Look through the listing below for the line with "Freshmart (ON) Flyer August 6 to 12" and the line with "Darcy - Storage Ottoman Bench - Slate Gray". Copy both, along with every line between them, exactly and with no pictures.

-- DATA SUPPLIED --
"""
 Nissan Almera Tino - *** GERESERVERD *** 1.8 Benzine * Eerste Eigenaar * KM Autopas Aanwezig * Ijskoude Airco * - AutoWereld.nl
"""
"""
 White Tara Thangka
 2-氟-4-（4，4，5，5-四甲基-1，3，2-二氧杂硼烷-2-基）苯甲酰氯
"""
"""
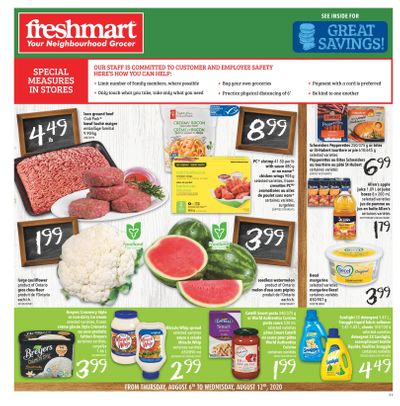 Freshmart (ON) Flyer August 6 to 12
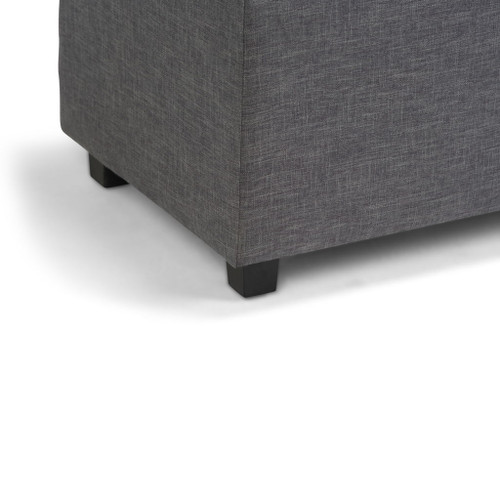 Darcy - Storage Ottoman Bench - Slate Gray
"""
-- EXPECTED OUTPUT --
 Freshmart (ON) Flyer August 6 to 12
 Darcy - Storage Ottoman Bench - Slate Gray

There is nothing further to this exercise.